Sind diese Neuerungen, das Digitalgeschäft, denn positiv für die Musik industrie?
Ja, für die Plattenfirmen ist es gut, die verdienen ganz gut mit. Die wissen immer, wo sie bleiben. Für die Interpreten und die Autoren lohnt es sich nicht.
Ist es wichtig, dass sich Künstler im Geschäftsleben zurechtfinden und vielleicht sogar etwas dazulernen?

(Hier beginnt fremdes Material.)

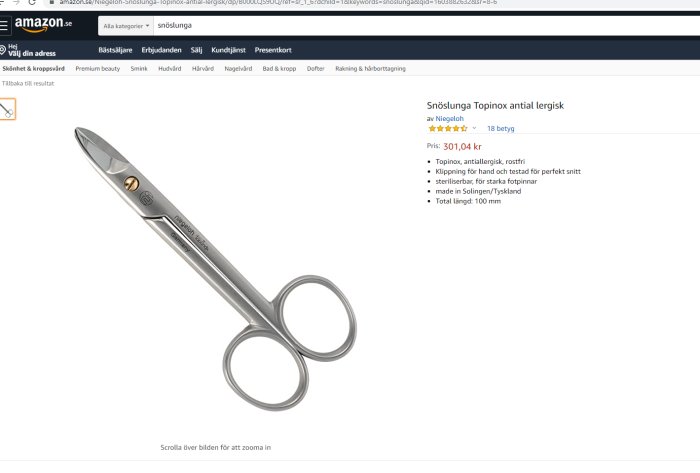 Screenshot från en webbsida visar en nagelsax etiketterad som "Snöslunga Topinox antiallergisk" på Amazon.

Das würde ich jedem raten. Man sollte auch seine Steuern zahlen. Viele überlegen gerade, ob sie Steuern zahlen müssen. Ich bin selbst mal in so eine Kalamität gekommen. Das war noch zu Kornfeld-Zeiten, da war ich so benebelt, dass ich einfach vergessen habe, dass ich ein paar Sachen schwarz gemacht habe. Das habe ich nie wieder gemacht. Wissen Sie, wie viel mich das gekostet hat? 59.000 Mark. Das heißt, in meiner Progression musste ich fast 1,9 Millionen Mark verdienen, ehe ich die erste Mark wieder für mich hatte. Das habe ich mir gemerkt. Von jedem Euro, den ich verdiene, zahle ich summa summarum die Hälfte ans Finanzamt. Dann kannst Du auch leben, das ist doch toll. Hey, es geht mir wunderbar, was will ich denn damit? Will ich die Kohle mit in die Grube nehmen? Nein.